A resurgence in growth equity
#074: A SPAC-quisition goes official — but did the stock price rally?
Olá technopolists,
Event season is fully underway, whether you attended Finnosummit in CDMX or Vamos Latam in São Paulo. Saludos to all our Technopoly friends at all of these events.
If the back-to-school ambience of large-scale events hasn’t gotten your mojo flowing, then perhaps the trickle of IPOs has… even if it’s not always smooth sailing on the choppy seas of public markets (more below).
What’s Hot
🌱 Growth equity’s resurgence. With IPO markets thawing (despite some mixed results), growth equity is gaining traction. In recent weeks, Bicycle Capital made its debut investment from an inaugural $500mn fund while JOKR/Daki closed a $50mn Series D. Three new $30mn+ growth rounds were also announced this week from Albo, the Mexican fintech; Gringo, the Brazilian car superapp for gig drivers; and Lumu Technologies, the Colombian cybersecurity platform. All the commotion even has General Atlantic restructuring itself, with LatAm head Martin Escobari taking over as global head of growth equity. (TechCrunch, Bloomberg Linea)
💱 Nubank enters ETFs. The Brazilian neobank is getting its feet wet in the investment market with the launch of two new dividend-focused ETFs. Launched last Thursday in partnership with Brazil’s B3 stock exchange, the new ETFs (Ibov Smart Dividendos and Nu Renda Ibov Smart Dividendos) are index-based funds available to Nubank customers as well as institutional and retail investors. The two equity ETFs are just the start of a new wave of investment products, and Nu Asset Management’s director, Andres Kikuchi, hasn’t ruled out fixed-income and hybrid products in the future. (Bloomberg Linea)
💳 Brazil’s credit card caps. Brazil’s senate passed new legislation capping credit card interest rates at 100% annually as the country’s private debt burden swells to record highs. Average interest rates on revolving credit cards shot to an average of 455% — their highest levels since 2017 — while total household debt in the country reached approximately half of disposable income. Is this actually Hot? Depends on your perspective: after the passing vote, Brazil’s bank lobby group, Febraban, warned legislators that the new laws may reduce the availability of credit cards by rendering many credit cards economically unviable for lenders. (Bloomberg Linea)
What’s Not
📉 Nvini’s SPAC listing. The trail of muted public listings continued this week with SaaS company Nvini (formerly Nuvini), which became one of LatAm’s few SPAC exits. Last Friday, the company announced the deal, causing shares in parent company Mercato Partners to spike to $11.73; yet on Monday, shares in the newly merged entity plummeted -45% to close the first day of trading at $6.35. Nuvini aimed to raise approximately $60mn from the SPAC listing, which was originally announced in January this year. (Startupi, Startups Brasil)

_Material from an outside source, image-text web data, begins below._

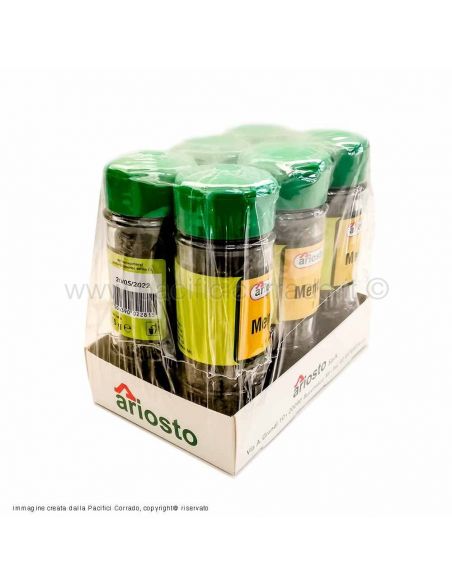 Ariosto menta confezione da 6 barattoli da 10g l'uno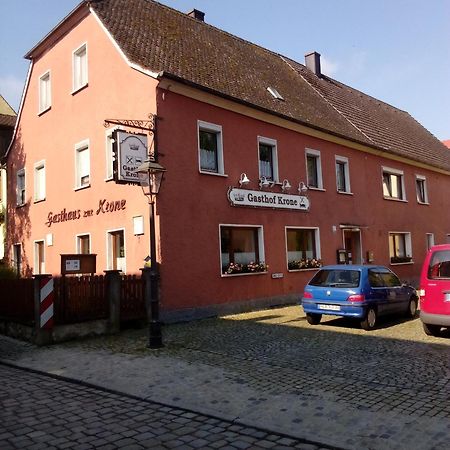 Gasthof Zur Krone Burghaslach Esterno foto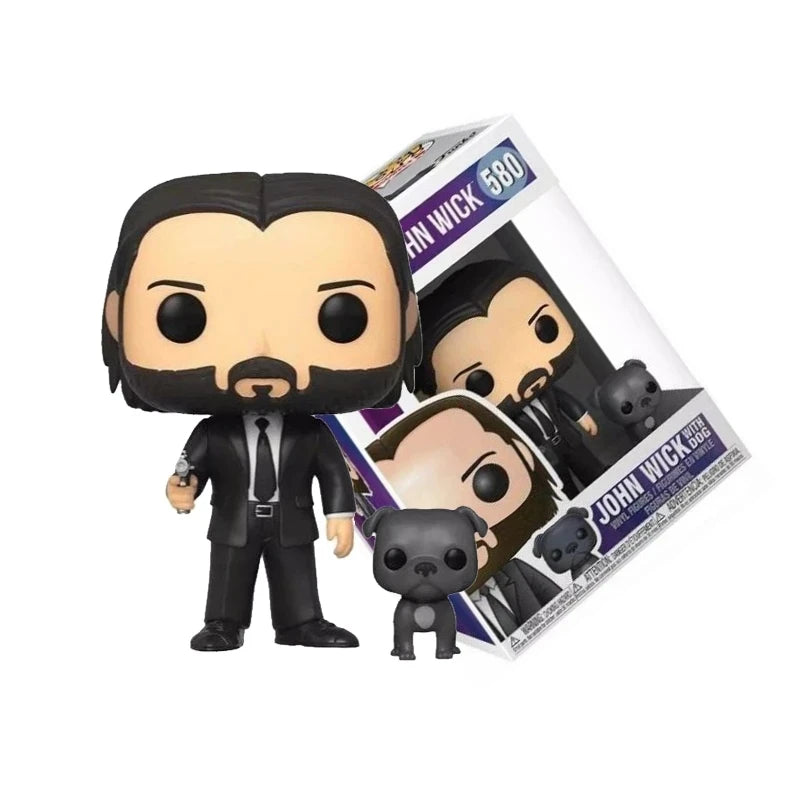John Wick and Dog Vinyl Action Figure - 10CM Collectible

🤫 Crypto secrecy in Brazil. Brazil’s public inquiry into crypto malfeasance reached a new crescendo this week, as its investigative body announced it will break bank secrecy rules in order to gather data from crypto exchanges regarding their customers’ money flows. This latest measure — first levied against Binance as part of its ongoing fraud probe — is now extended to a swath of mainstream crypto exchanges that includes Mercado Bitcoin, Bitso, Foxbit, Ripio, and more. The CPI investigative body has been cracking down on crypto exchanges for their alleged involvement in supporting pyramid schemes and circumventing Brazilian laws. (Brazil Crypto Report)
Stat of the Week
Most conversations about financial inclusion focus on the end user, asking questions like: How can we increase the number of people with a bank account?
It’s important, but it’s only one side of the equation.
In the wild world of digital payments, it takes two to tango: inclusion amongst shoppers is key, but merchants need to accept your payment type to make everything work. Anyone with an Amex card will know this pain acutely.
When we think about PIX as the case of financial inclusion par excellence, we often cite figures like its 80% penetration amongst Brazilian adults. But what about the other side of the transaction: merchants? Well, it’s finally won the race there too.